07-07-2016 02:27 PM
I've got a dataset that looks like the one above, and I need an output report that looks like so:
"Number of workdays" is Lag_Workdays used as a classification variable.
"Delayed/Non-delayed" is Priority used as a classification variable
"Total Consultations" is a set of total columns (i.e., Delayed + Non-Delayed)
"2010/2011" is Intake_Year used as a classification variable (the original dataset has 6 years of data, but I've truncated the output report to show only these two years for this example. In the final report I want all 6 years.)
"N" is N (i.e., number of records within those classifications)
"%" is percent N
"cumtot" and "cumpct" are cumulative total and cumulative percent respectively
Obviously PROC Freq creates these types of frequency tables naturally, but due to the number of nested classifications it seemed like I needed something with a little more power. (I know that I can run Proc Freq and create output tables, then splice those tables back together to create the final report, but I was hoping for something a little more sophisticated.)
Then I turned to PROC Tabulate, but proc tab can't do cumulative freqs and percents.
Then I found a paper on how to do cumulative freqs and percents with PROC Report, but that procedure is not my particular forte, so I quickly got stumped. I'd be happy to share the code that I've developed so far, but it's probably a gross bastardization of PROC Report that would embarass any proper programmer.
07-07-2016 03:32 PM - edited 07-07-2016 05:51 PM
Please post the code anyway. Sometimes it turns out to br pretty close and you're only missing one or two bits. As a minimum it gives folks variable names and such.
It would also be ideal to provide a small data set that shows the basic behavior of your data providing basic challenges (2 nests at any level). If you can provide that as a datastep then tested code may be provided.
has an example of code to turn your dataset into a data step.
07-07-2016 04:20 PM
Ok, here's my bastardized code...
proc report data=consults nowd; format priority $del.; where status not in ('07' '08' '09') and intake_date le '31dec2015'd; column lag_workdays intake_year=all,(tk=acount tk=apct ytd cumpct) priority,intake_year,(tk=count tk=pct) ; define all / across 'Total Consultations'; define acount / analysis n format=comma8. 'N'; define apct / analysis pctn format=percent8.2 '%'; define priority / across ' '; define intake_year / across ' '; define lag_workdays / group 'Number of workdays' missing; define count / analysis n format=comma8. 'N'; define pct / analysis pctn format=percent8.2 '%'; define ytd / computed; define cumpct / computed; compute before; total+acount; cumtot=0; endcomp; compute ytd; cumtot+acount; ytd=cumtot; endcomp; compute cumpct; cumpct=ytd/total; endcomp; run;
So far I can get the basic structure of the report to work.
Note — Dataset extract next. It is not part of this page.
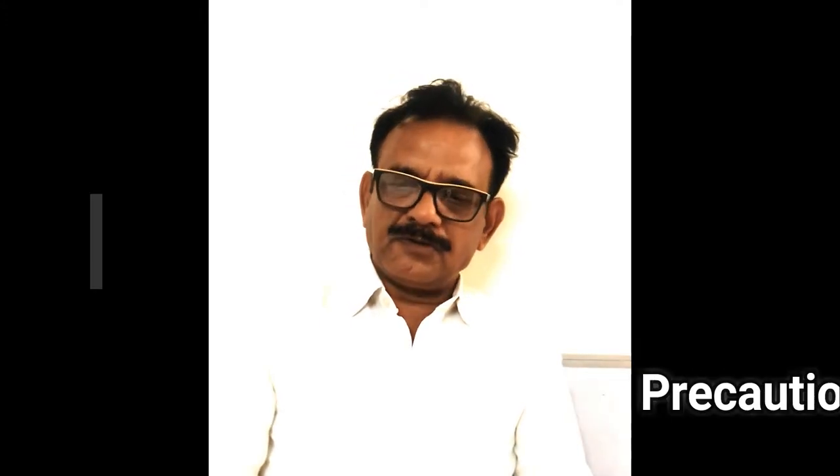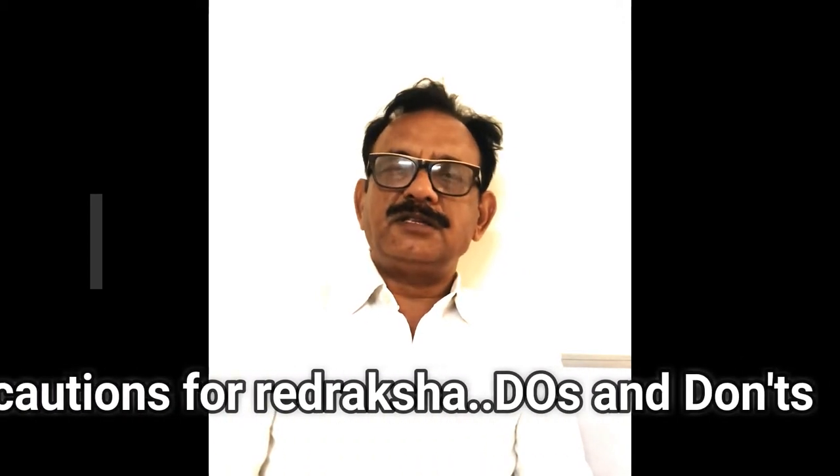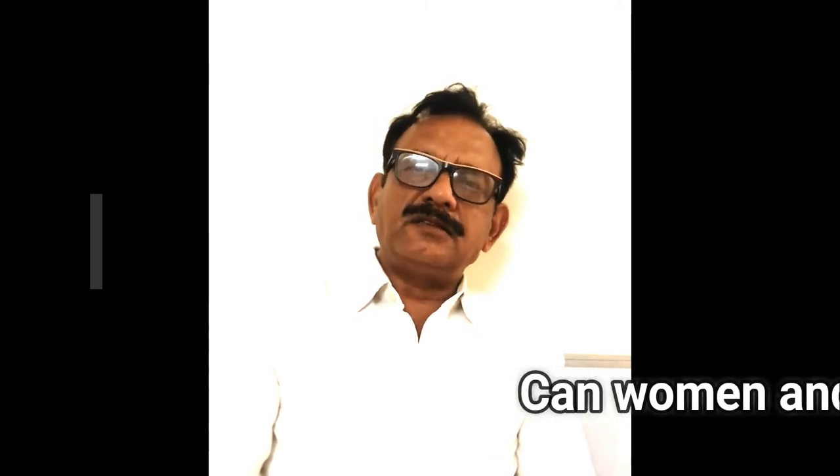What are the precautions for wearing Rudrakshas? There are no precautions from a religious point of view. The precautions I recommend are: keep Rudraksha away from electromagnetic fields — a mobile phone generates electromagnetic fields, so if you wear Rudraksha in the chest area, don't keep the mobile phone in your pocket. Also protect it from chemicals; don't sprinkle powder over it, and don't wear Rudraksha while bathing because you will be using soap.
The piece that isn't working is the compute blocks. It's all coming out as missing.
I'm guessing that a significant part of my probably is how I'm using the TK field to calculate the N and PCTN columns. It looks like I'm doing that wrong, but I'm not sure what the correct way is to create those columns.
Relatedly, the compute block portion says that "acount" is uninitialized. When I try to change the reference to something like "tk.N" it gives me an error that says that using tk.N is inappropriate.
And here's the paper that I found that gave me the basic structure for calculating the cumulative columns:
As shown in the example above, I'd like the cumulative totals to show up for all sections of the report, not just within the "Total Consultations" portion, but I didn't get that far...